How we cite our quotes: (Act.Scene.Line)
Quote #1
I can be angry
Without this rupture; there is not in nature
A thing that makes man so deformed, so beastly,
As doth intemperate anger. (2.5.55-58)
When they hear that the Duchess has given birth, Ferdinand reacts by totally flipping out. The Cardinal, on the other hand, plays it cool, and tells Ferdinand that if he wants to get revenge he's got to chill out. The Cardinal frames anger as dehumanizing, and this comment foreshadows how Ferdinand, who's all about the "deformed, beastly" anger, ends up transforming into a werewolf.
Quote #2
Excellent, as I would wish, she's plagued in art. (3.1.107)
Why, once he gets ahold of her, does Ferdinand resort to psychological, rather than physical torture? He oh so obviously intends to kill her, and at this point he could be putting the screws to her in a very literal way. But he prefers to "plague her in art" as a way to "bring [her] / by degrees to mortification" (4.2.166-67)—why?
Quote #3
Bosola: What do you intend to do?
Ferdinand: Can you guess?
Bosola: No
Ferdinand: Do not ask, then.
He that can compass me and know my drifts
May say that he hath put a girdle 'bout the world
And sounded all her quicksands. (3.2.83-86)

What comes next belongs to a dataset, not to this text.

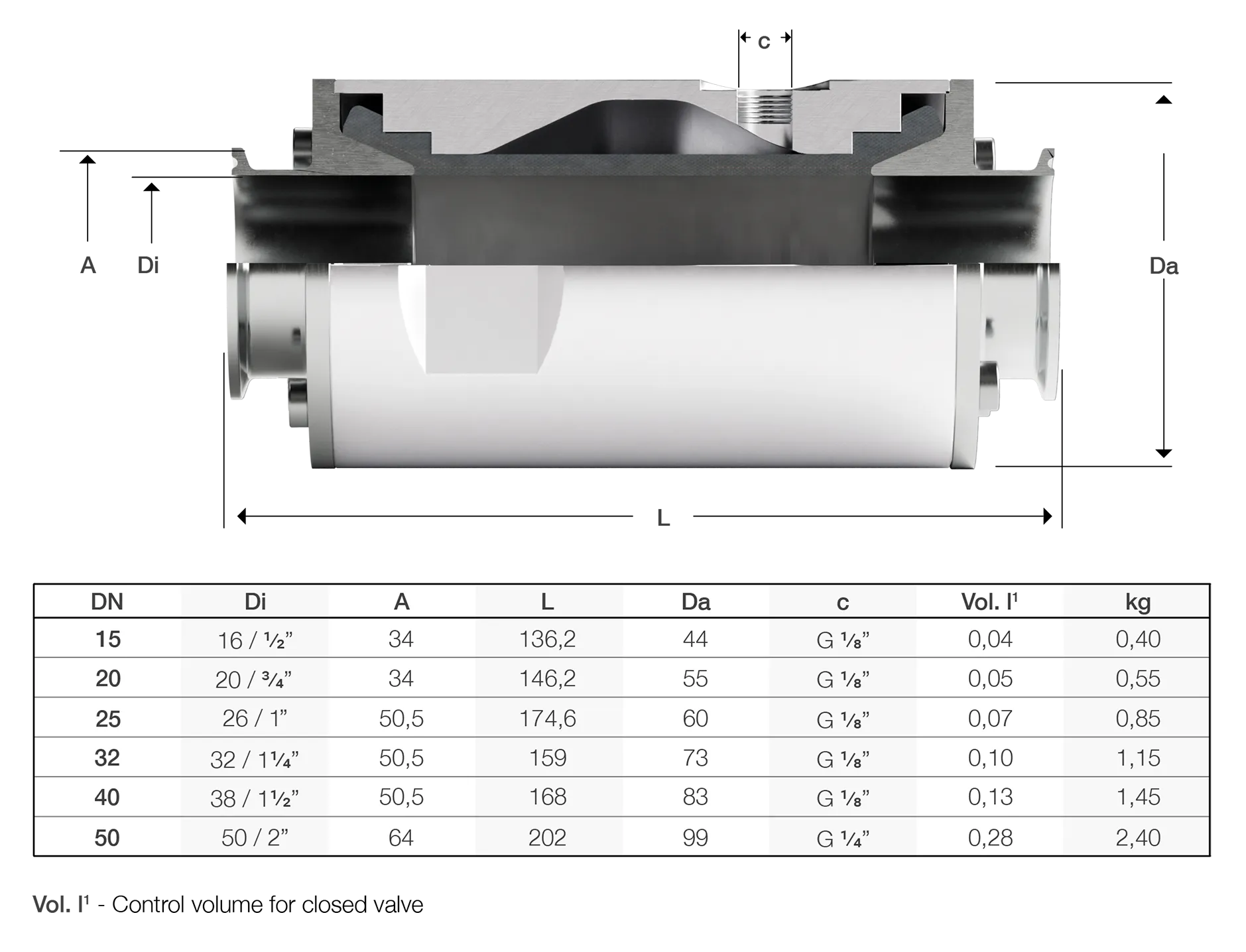 Serie 88 Abmessungen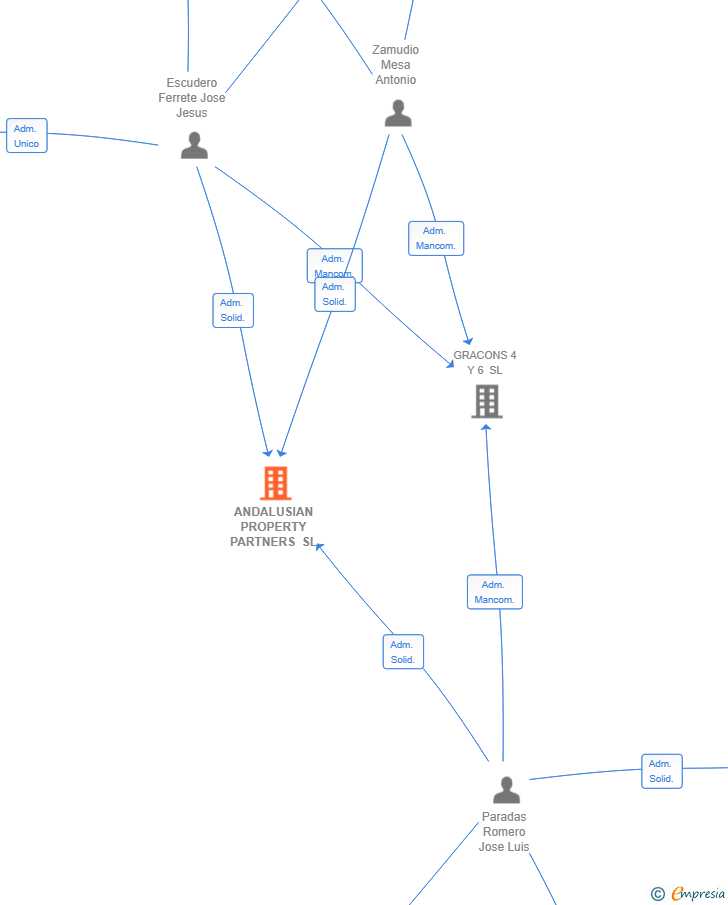 Vinculaciones societarias de ANDALUSIAN PROPERTY PARTNERS SL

Ol' Ferdo sure thinks an awful lot of himself and his crafty skillz. Bosola, sassy spy that he is, immediately tells Ferdinand he's not as tricky as he thinks he is. This is a neat line to pair with the Cardinal's claim in Quote #7 that people who know a prince's secrets (the "drifts" Ferdinand refers to) "need have their breasts hooped with adamant / To contain them" (5.2.253-54).